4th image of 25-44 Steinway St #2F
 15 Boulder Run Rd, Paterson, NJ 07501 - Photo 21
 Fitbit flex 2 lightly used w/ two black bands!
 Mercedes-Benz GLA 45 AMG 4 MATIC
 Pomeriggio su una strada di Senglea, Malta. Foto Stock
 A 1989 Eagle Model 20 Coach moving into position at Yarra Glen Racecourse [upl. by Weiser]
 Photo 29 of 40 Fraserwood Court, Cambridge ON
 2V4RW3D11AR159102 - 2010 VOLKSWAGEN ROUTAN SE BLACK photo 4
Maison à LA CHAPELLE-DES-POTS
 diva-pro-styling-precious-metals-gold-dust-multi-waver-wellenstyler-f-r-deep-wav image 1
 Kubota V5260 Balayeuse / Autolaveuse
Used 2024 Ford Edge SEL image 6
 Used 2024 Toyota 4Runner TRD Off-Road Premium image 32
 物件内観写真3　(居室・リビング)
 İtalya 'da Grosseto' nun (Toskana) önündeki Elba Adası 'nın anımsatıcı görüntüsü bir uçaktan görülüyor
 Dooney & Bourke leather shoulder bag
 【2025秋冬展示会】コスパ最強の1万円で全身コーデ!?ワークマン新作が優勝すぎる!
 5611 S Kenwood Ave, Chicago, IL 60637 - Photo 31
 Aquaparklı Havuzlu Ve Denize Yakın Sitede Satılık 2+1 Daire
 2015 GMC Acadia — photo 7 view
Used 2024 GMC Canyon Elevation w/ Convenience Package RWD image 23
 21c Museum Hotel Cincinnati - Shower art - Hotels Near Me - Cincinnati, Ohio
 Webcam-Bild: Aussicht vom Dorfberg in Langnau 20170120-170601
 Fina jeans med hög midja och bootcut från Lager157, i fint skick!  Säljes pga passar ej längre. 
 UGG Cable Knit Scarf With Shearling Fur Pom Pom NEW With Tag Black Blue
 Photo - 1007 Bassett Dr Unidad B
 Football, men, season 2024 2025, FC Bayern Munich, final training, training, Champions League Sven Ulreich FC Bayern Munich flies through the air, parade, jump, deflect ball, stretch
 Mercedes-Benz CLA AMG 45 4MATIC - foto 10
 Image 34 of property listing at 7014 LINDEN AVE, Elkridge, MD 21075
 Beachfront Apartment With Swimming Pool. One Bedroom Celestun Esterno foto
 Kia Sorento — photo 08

****************

From the line containing "Photo - 1007 Bassett Dr Unidad B" to the final line above, output everything. Change nothing and add nothing.

 Photo - 1007 Bassett Dr Unidad B
 Football, men, season 2024 2025, FC Bayern Munich, final training, training, Champions League Sven Ulreich FC Bayern Munich flies through the air, parade, jump, deflect ball, stretch
 Mercedes-Benz CLA AMG 45 4MATIC - foto 10
 Image 34 of property listing at 7014 LINDEN AVE, Elkridge, MD 21075
 Beachfront Apartment With Swimming Pool. One Bedroom Celestun Esterno foto
 Kia Sorento — photo 08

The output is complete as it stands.